§ **Data extract**:
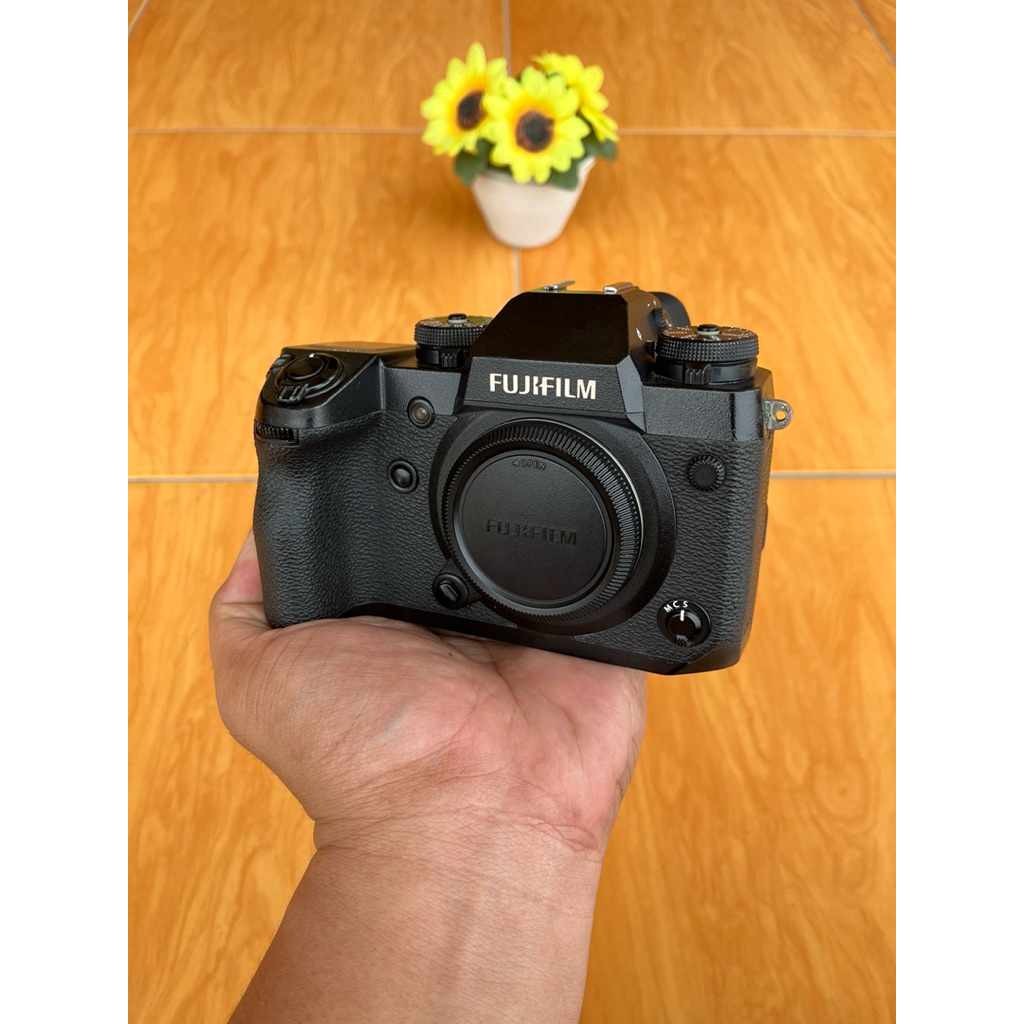 KAMERA FUJIFILM XH1/FUJIFILM X-H1/Fujifilm XH1/Fujifilm X-H1 Mulus Murah Siap Kerja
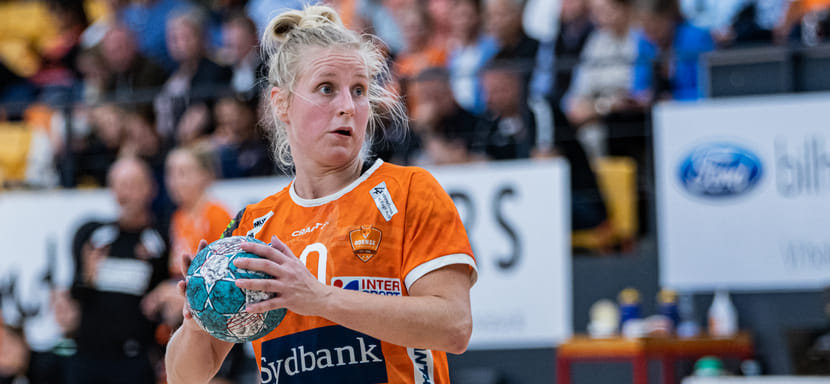 Дания. 33-летняя разыгрывающая "Оденсе" Миа Рей вновь травмировала колено на вчерашней тренировке команды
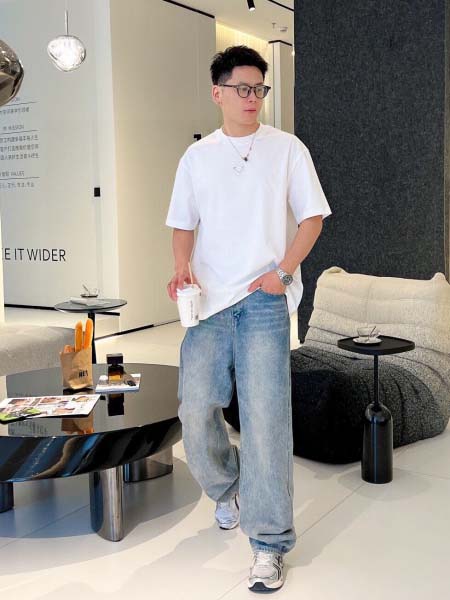 2025年4月6日入荷新作Prada半袖 Tシャツ高級品/LD工場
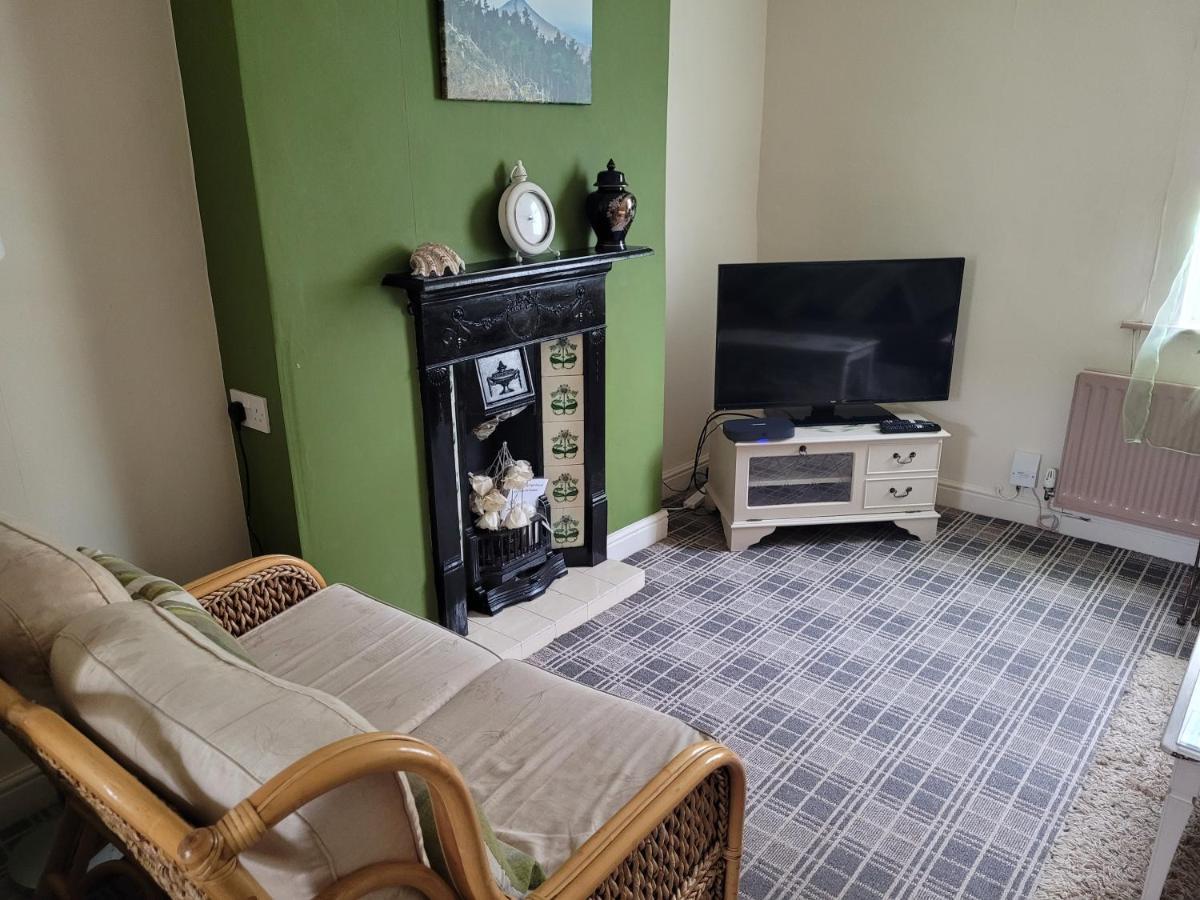 No 35 Guisborough - 2 Bedroom House Exterior photo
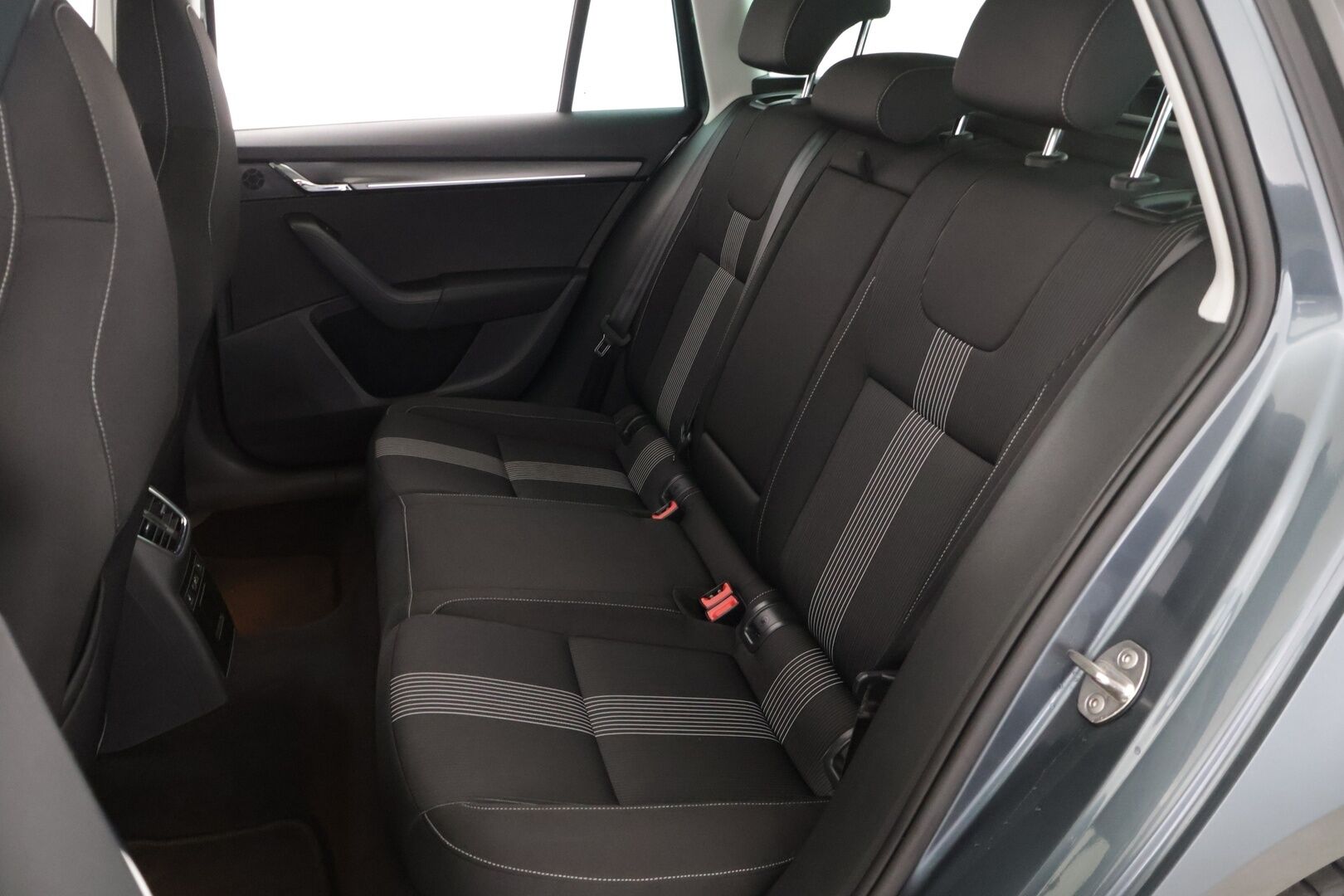 Skoda Octavia 2019 Combi 1,5 TSI Style BusinessLine DSG Autom. - Adapt. Vakkari | BLIS | P. Kamera | Sporttipenkit | Koukku | Webasto | 2x renkaat&alumiinivanteet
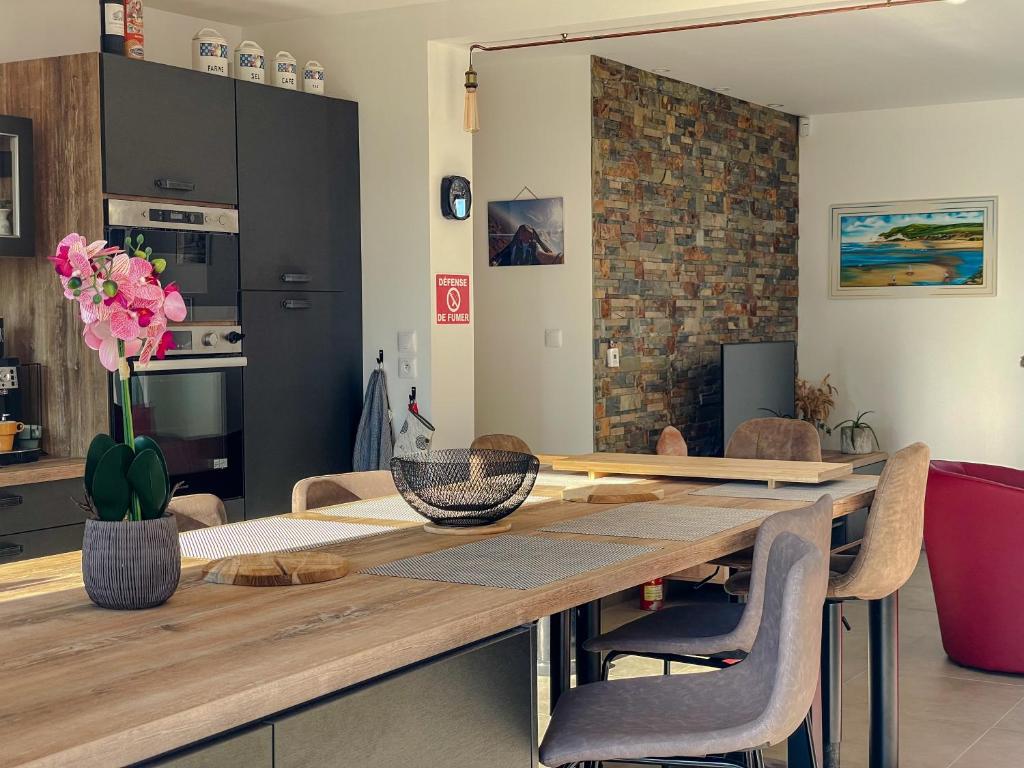 Η κουζίνα ή μικρή κουζίνα στο Chez L'Aviateur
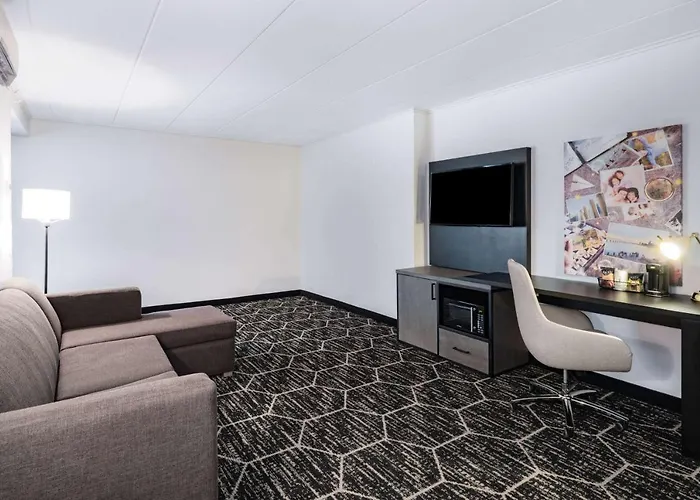 La Quinta By Wyndham Chicago O'hare Airport 3*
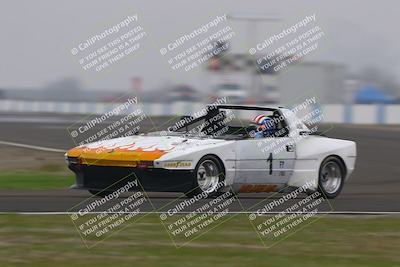 media/Jan-18-2026-CalClub SCCA (Sun) [[8bc6468723]]/Group 3 Race/Turn 1/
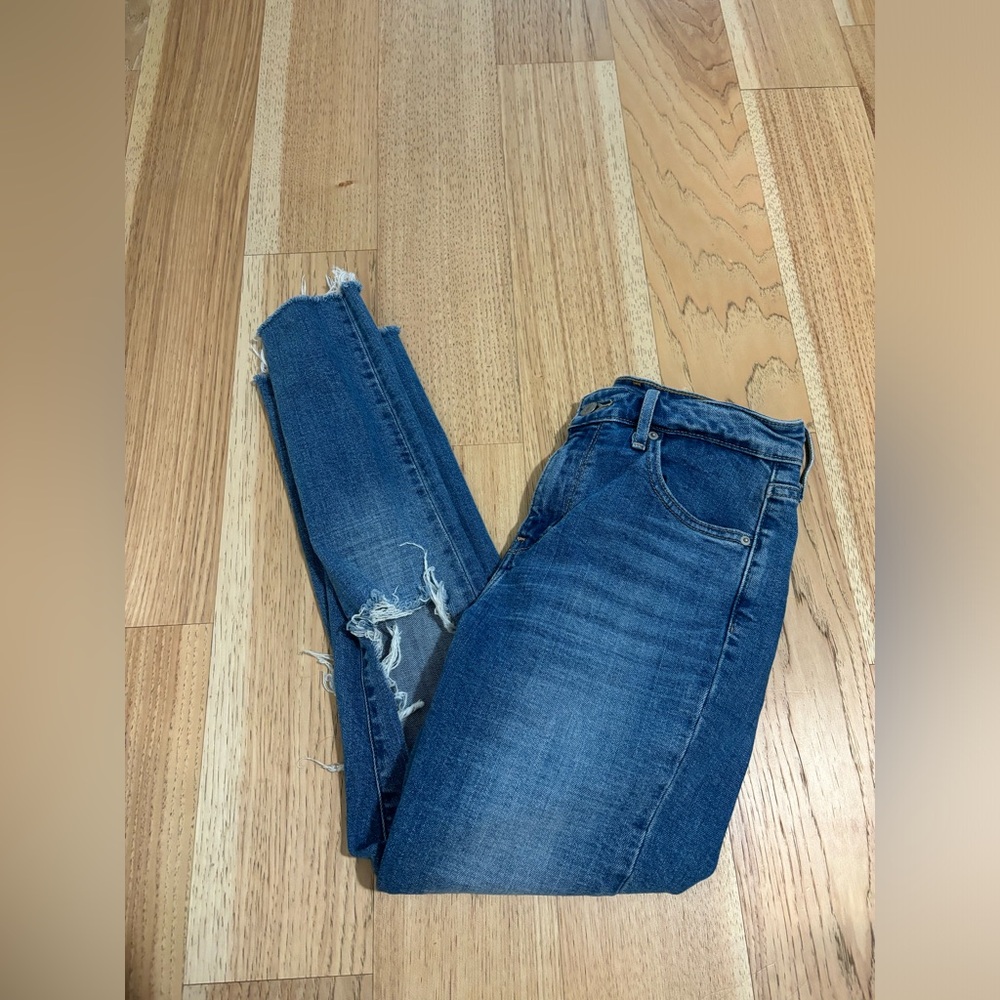Levi’s 721 High Rise Skinny Jeans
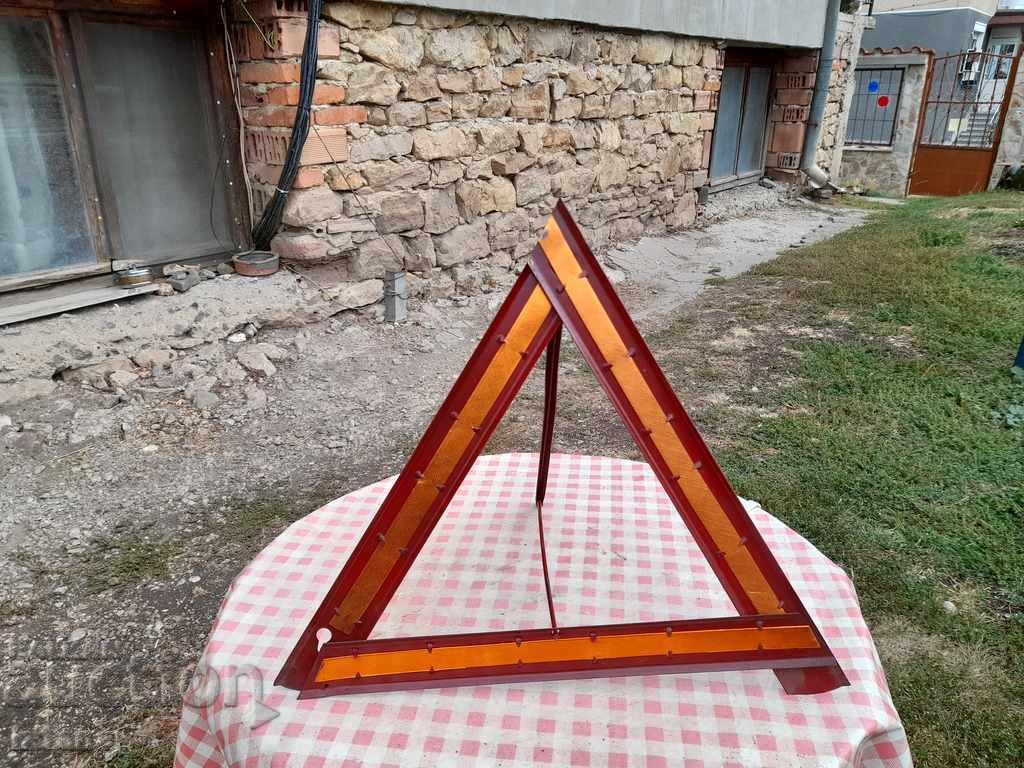 Delivery of Old car emergency triangle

§ **Problem description**:
When you reach the line that contains "media/Jan-18-2026-CalClub SCCA (Sun)", start reproducing, and continue word for word to the end of the records; skip all pictures.

§ **Your solution**:
 media/Jan-18-2026-CalClub SCCA (Sun) [[8bc6468723]]/Group 3 Race/Turn 1/
Levi’s 721 High Rise Skinny Jeans
 Delivery of Old car emergency triangle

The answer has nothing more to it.